Dataset items:

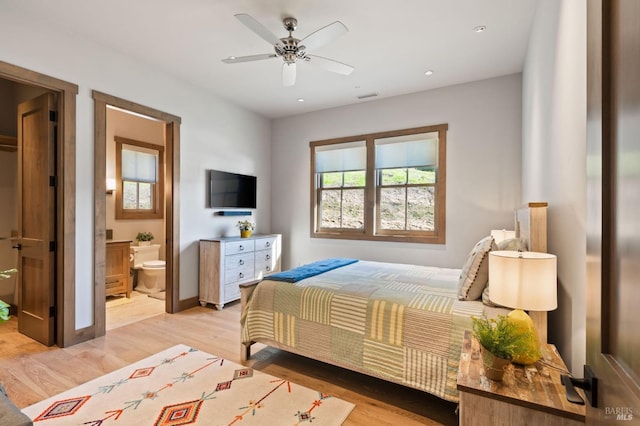 bedroom with ceiling fan, ensuite bathroom, and light hardwood / wood-style floors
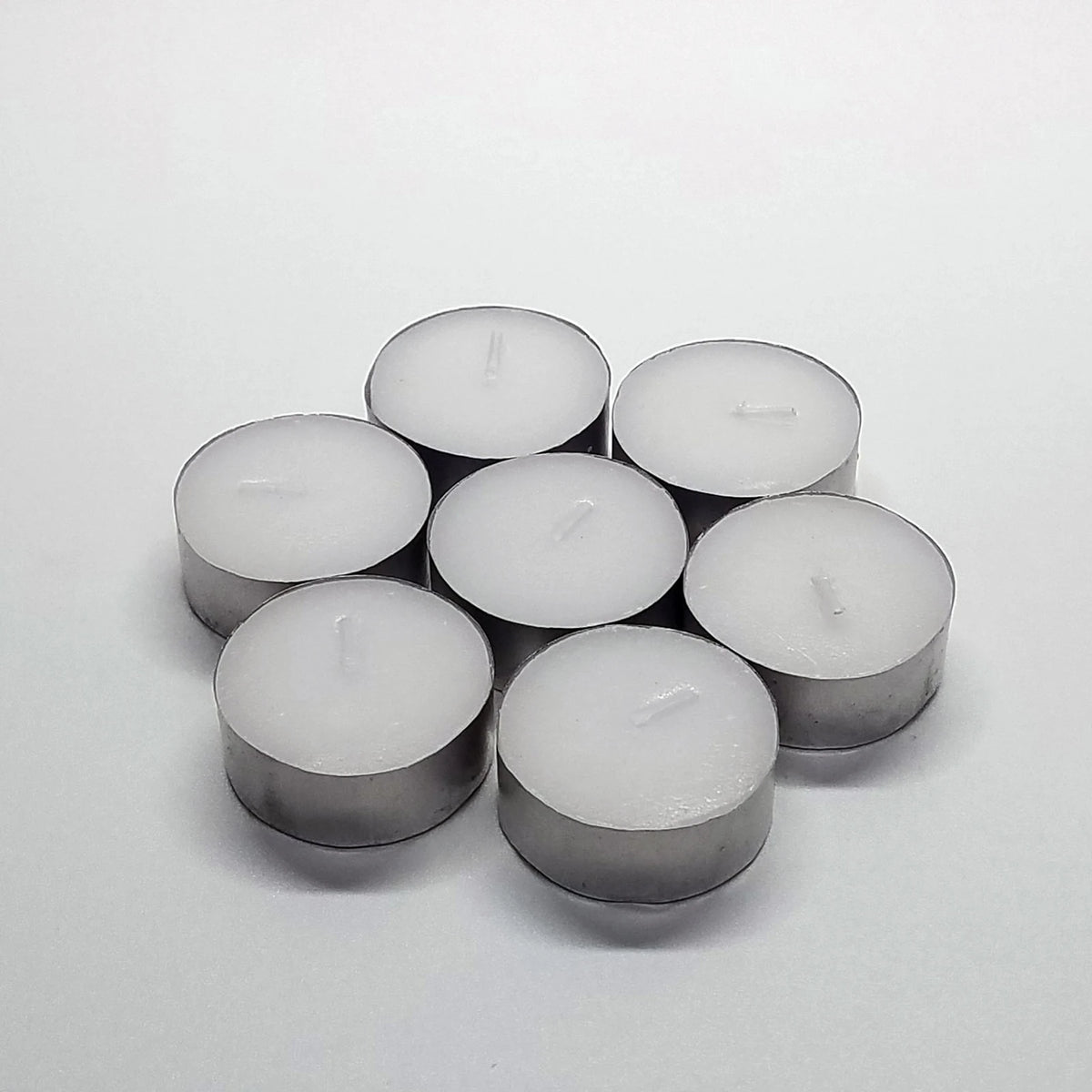 A cluster of six silver-colored tealight candles arranged on a white surface.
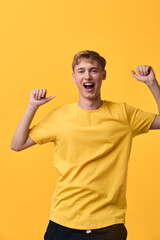 Fototapeta premium Cheerful man in a yellow shirt raises his arms in celebration against a bright yellow background, radiating energy and positive mood.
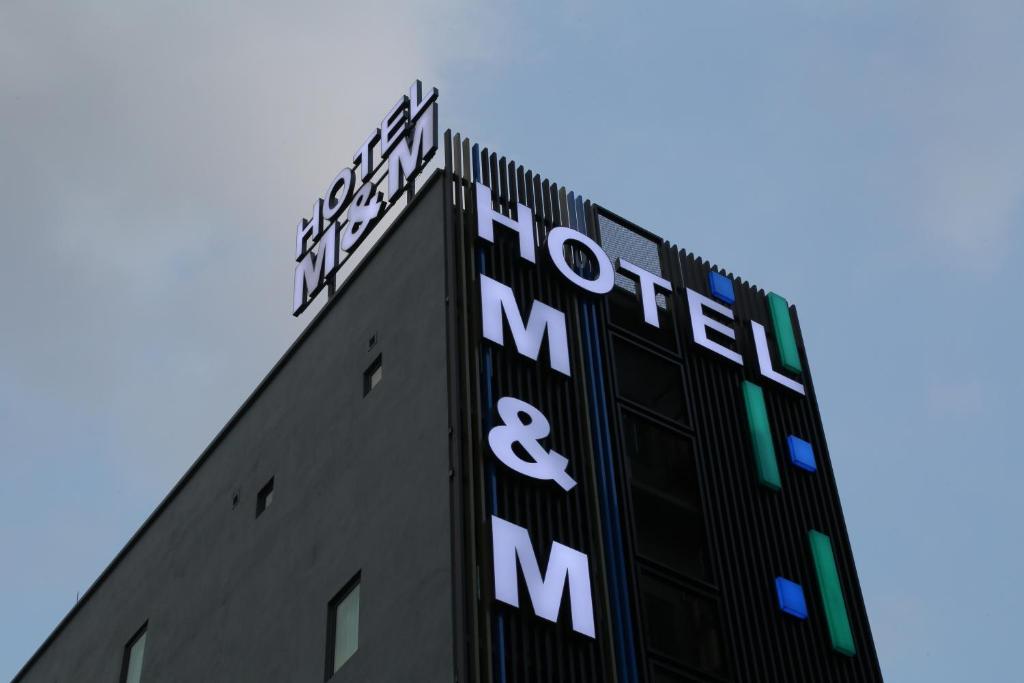 un edificio con il cartello dell'ospedale e dei manuali di M&M Hotel a Kuala Lumpur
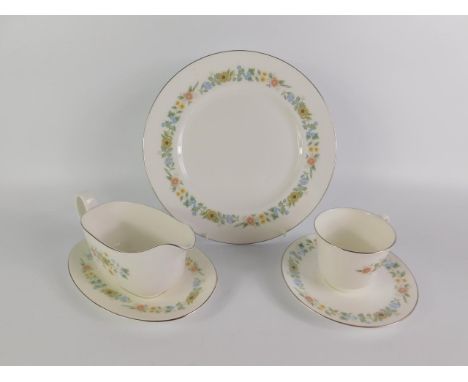 A Royal Doulton porcelain part dinner and tea service decorated in the Pastorale pattern, comprising gravy boat on stand, pai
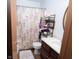 Bathroom featuring a vanity, mirror, shelving unit with towels, and a shower with patterned curtain at 540 Cahill Ln, Indianapolis, IN 46214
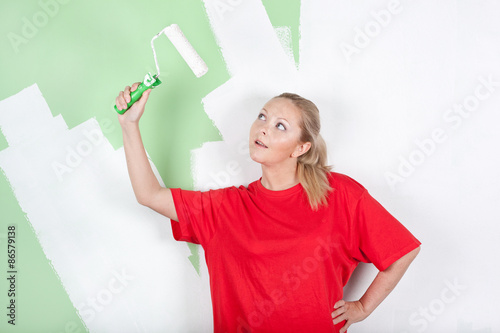 Young woman looking on paint roller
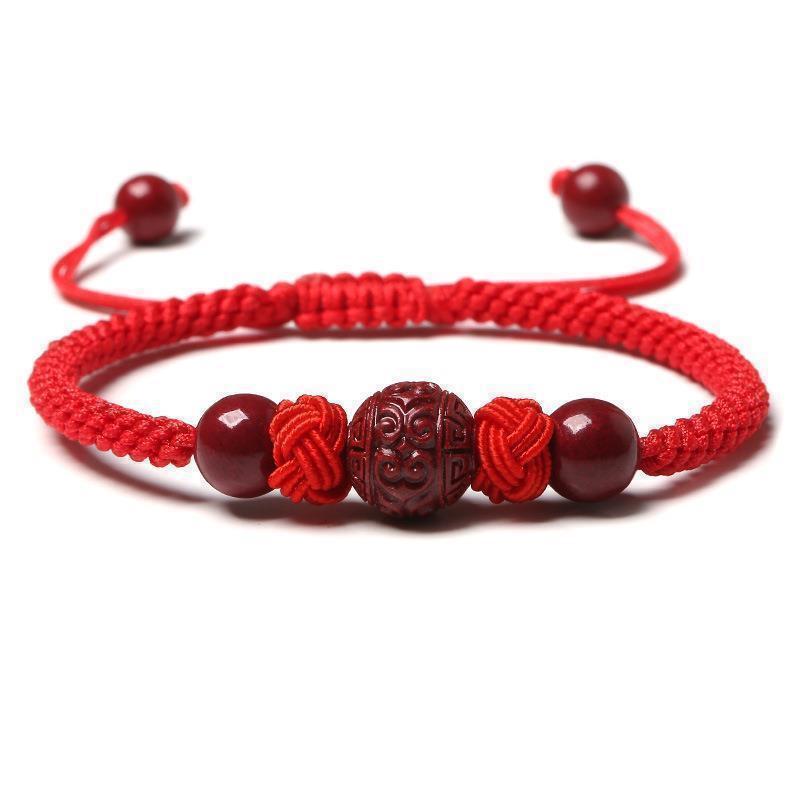 Bracelet tressé rouge avec des perles en cinabre sculptées et lisses, symbolisant la chance et le bonheur.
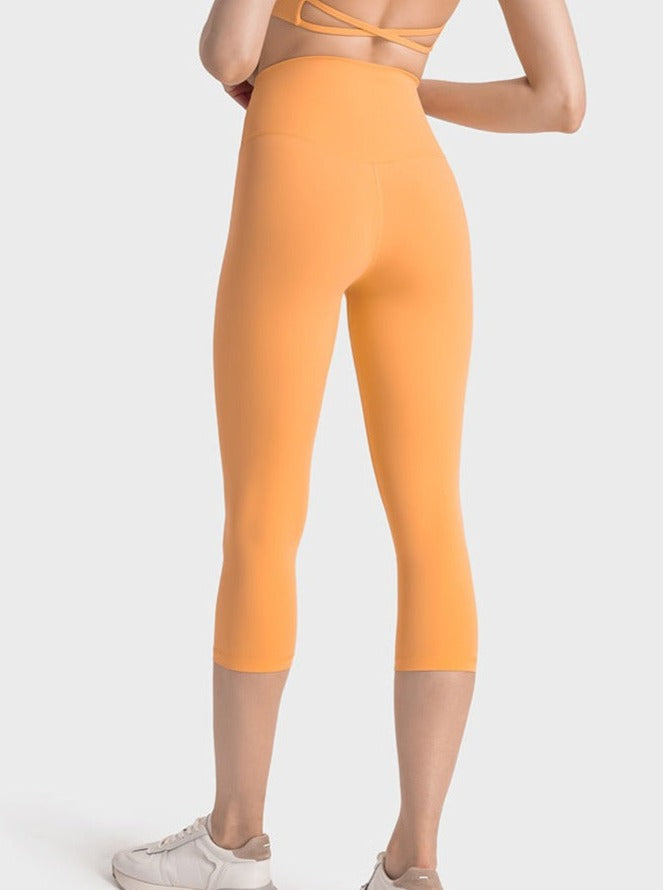 Pantalon de yoga extensible taille haute orange pour exercices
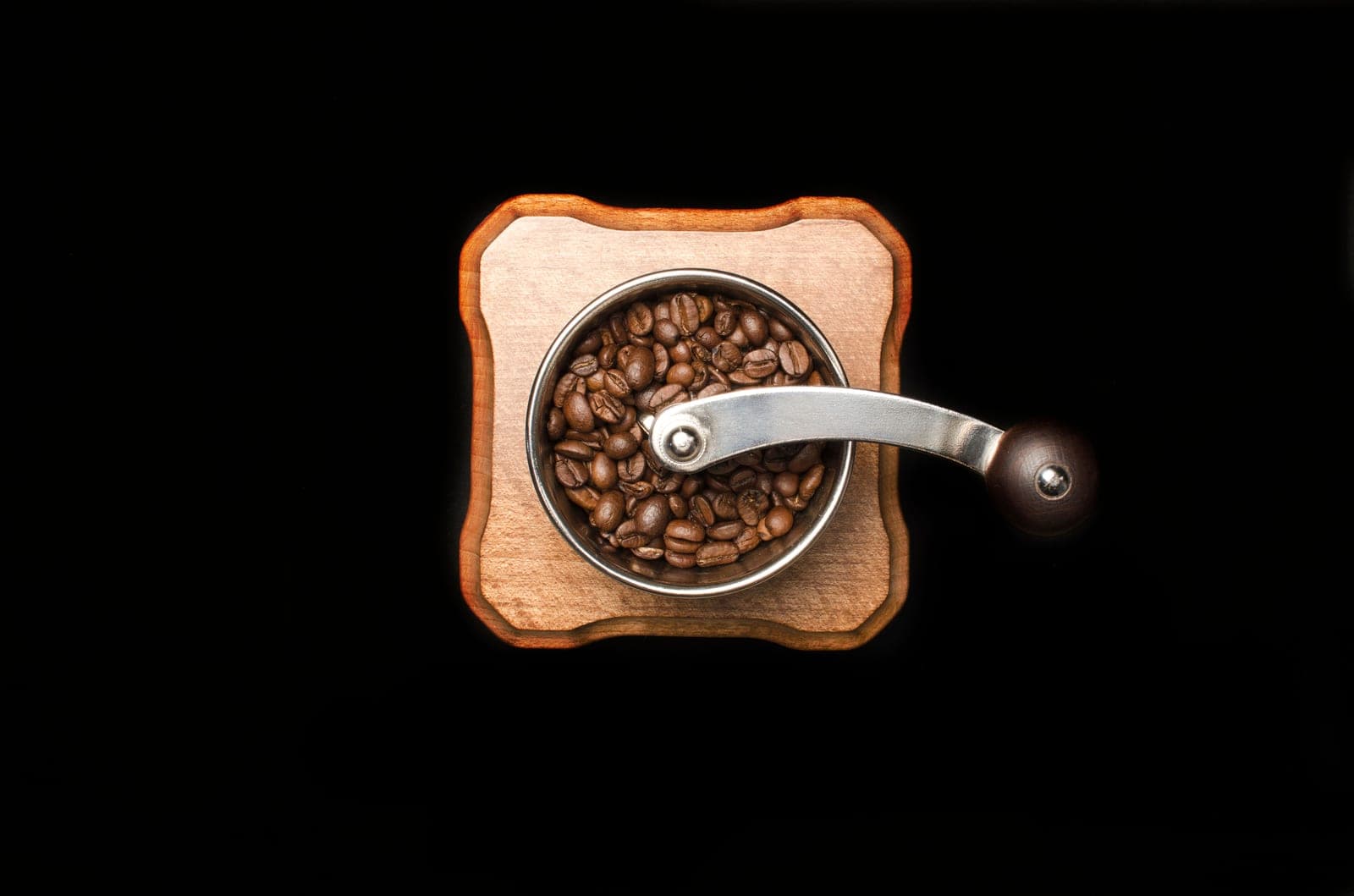 Freshly roasted coffee beans beside a burr grinder on a kitchen counter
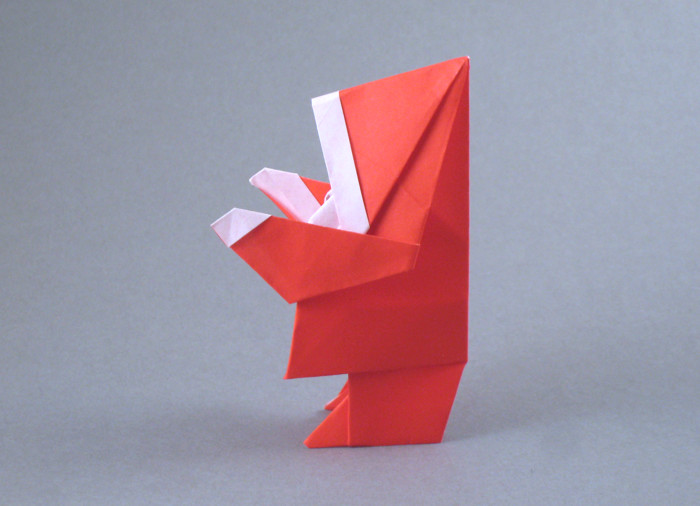 Origami Santa Claus by Edwin Corrie. Folded from a square of origami paper by Gilad Aharoni on giladorigami.com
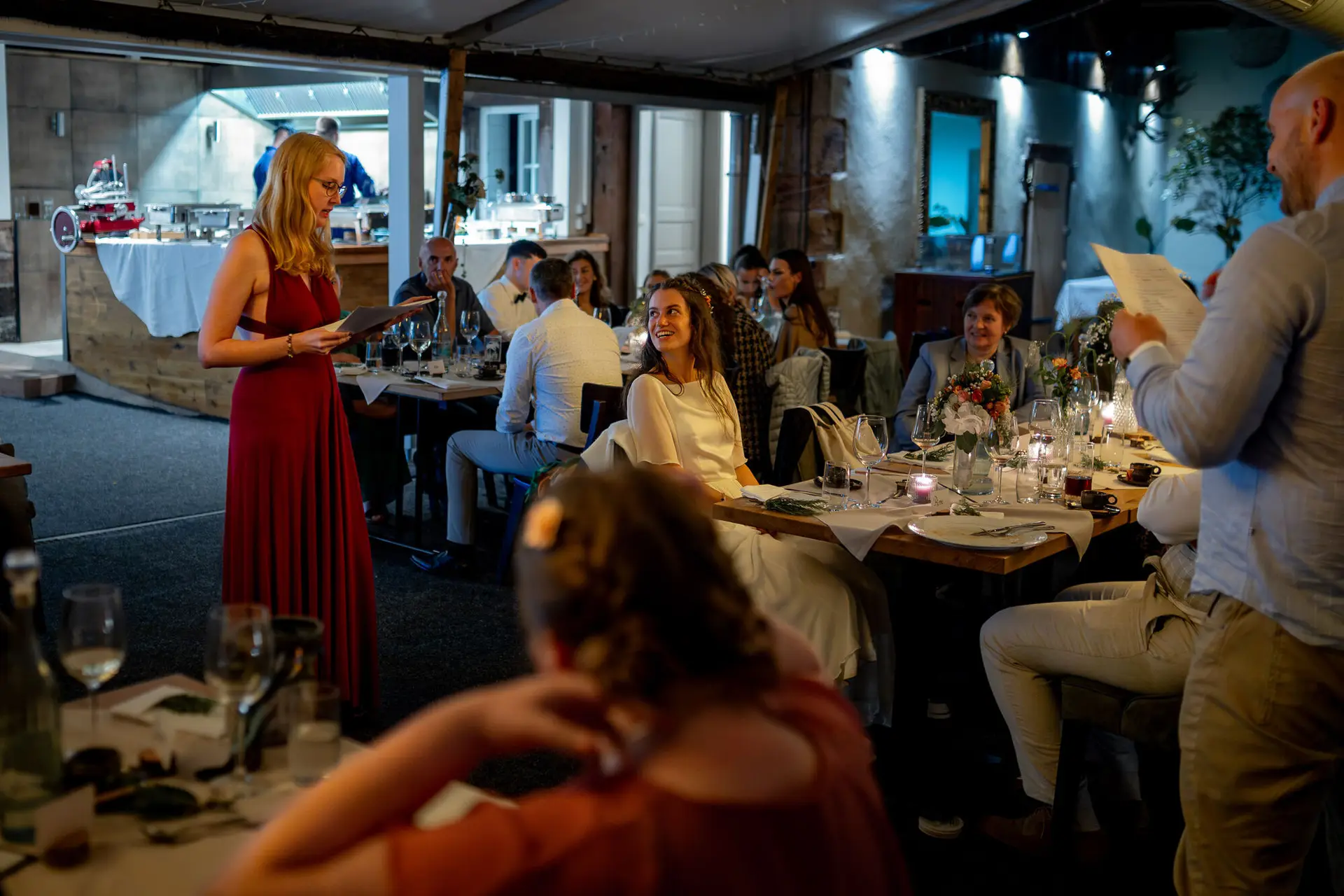 Brautjungfer in Rot hält eine herzliche Ansprache, Gäste hören aufmerksam zu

## TASK STATEMENT
Going by the data above, give back only the lines from the one containing "Fototapeta premium Cheerful" through the one containing "Bathroom featuring a", exactly as they stand, both ends included and no images.

## SOLUTION TO THE PROBLEM
 Fototapeta premium Cheerful man in a yellow shirt raises his arms in celebration against a bright yellow background, radiating energy and positive mood.
 un edificio con il cartello dell'ospedale e dei manuali di M&M Hotel a Kuala Lumpur
 A Royal Doulton porcelain part dinner and tea service decorated in the Pastorale pattern, comprising gravy boat on stand, pai
 Bathroom featuring a vanity, mirror, shelving unit with towels, and a shower with patterned curtain at 540 Cahill Ln, Indianapolis, IN 46214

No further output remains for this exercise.